Today is July 15, 2023. And this teisho is going to be about the ultimate source of the pain and suffering we experience in our lives. And that is duality, separation, the mental construct of self and other.
For the most part we tend to think of ourselves as unchanging, insofar as we see ourselves as having a specific identity. We define ourselves according to certain qualities, or traits. And that's typically how we see others as well. Our identity involves a mix of physical and say psychological traits. It includes, but is not limited to, our personality, and our likes and dislikes. And we box ourselves and other people into categories in the process. There's me and you. And there's us and them. Which is to say that we experience duality on both an individual and a collective level.

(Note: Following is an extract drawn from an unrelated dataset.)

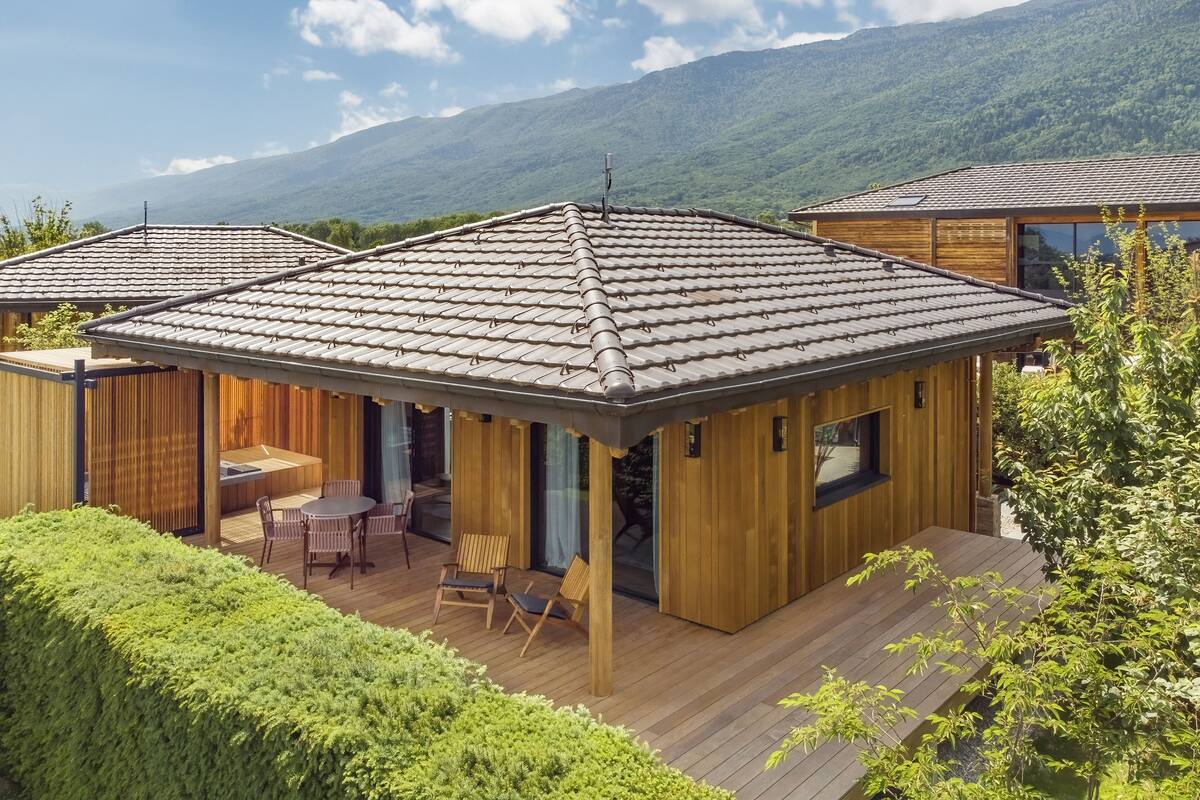 A wooden cabin with a tiled roof, a deck, and a dining area with chairs and a table.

Now in order to survive, as human beings, we need to have a sense of being an individual self. If we didn't, how could we know how to take care of our body to cover our most basic needs, such as food, water, shelter, and also psychological needs, such as safety, a feeling of belongingness. So from infancy into adulthood, our development of a sense of self involves the accumulation of a lifetime of experiences, of things, of people of places. And we acquire this storehouse of knowledge of memories and ideas, feelings, opinions. And we very much need this storehouse in order to navigate our day to day lives. It helps us to make sense of the world to make sense of new experiences, it also keeps us out of trouble.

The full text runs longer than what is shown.